Eight former Astros players are candidates to be inducted into the Baseball Hall of Fame.
Ballots for the Baseball Hall of Fame class of 2020 are out today, and there are eight former Astros players on the list. Five of them return to the ballot for another shot, while three newcomers join them.
The returning players are Curt Schilling, Roger Clemens, Jeff Kent, Billy Wagner and Andy Pettitte. Schilling and Clemens are the only two within range, having received 60.9 percent and 59.5 percent of the vote respectively in 2019. A player must be named on 75 percent of ballots to gain induction.
Kent, Wagner and Pettitte are coming off receiving 18.1 percent, 16.7 percent and 9.9 percent, respectively.
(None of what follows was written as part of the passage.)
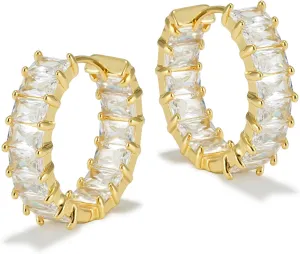 Lourny Crystal Hoop Earrings for Women, 18K Gold Plated Chunky CZ Hypoallergenic Trendy Lightweight Earring Multcolors Jewelry Gifts for Women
A player must be named on five percent of ballots in order to stay on the ballot the following season, provided they have not been on the ballot for 10 years.
The newcomers are Bobby Abreu, Carlos Pena and Jose Valverde. Abreu and Pena only spent minimal time with the Astros at the beginning and end of their careers, respectively. Valverde spent two seasons as the Houston closer but pitched elsewhere the rest of his career.
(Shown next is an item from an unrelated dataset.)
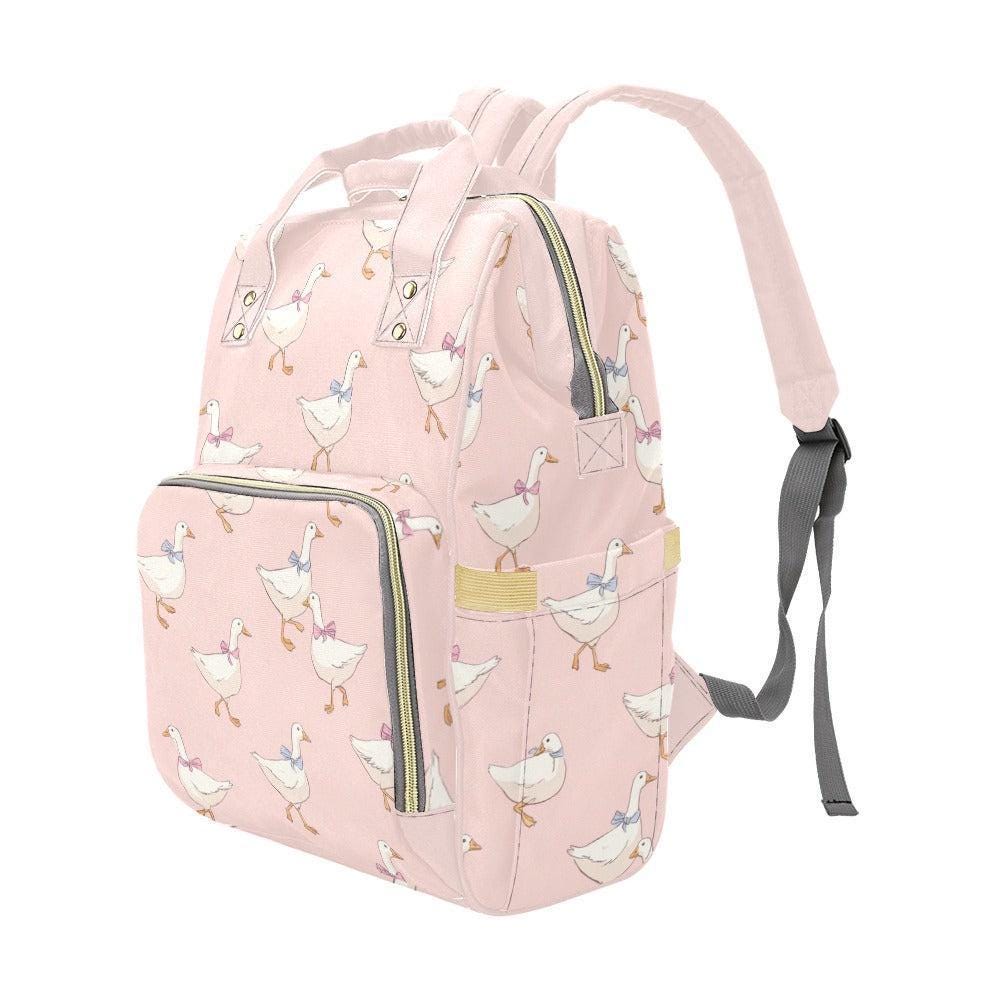 Pink Duck Diaper Bag Backpack, Mom Backpack, Stroller Bag, Baby Travel Bag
The voting results will be announced on Jan. 21, so we have two months of speculation and ballot counting to get us through to that point.
There are two returning candidates who have realistic shots at getting in, either this year or in the future. Schilling’s resume is clearly Hall of Fame worthy, with more than 3,000 strikeouts and a sterling postseason resume. It’s largely off-field issues that have kept him from getting to 75 percent thus far, but he’s gaining. With a slightly less crowded ballot, maybe this year is when he gets over the hump.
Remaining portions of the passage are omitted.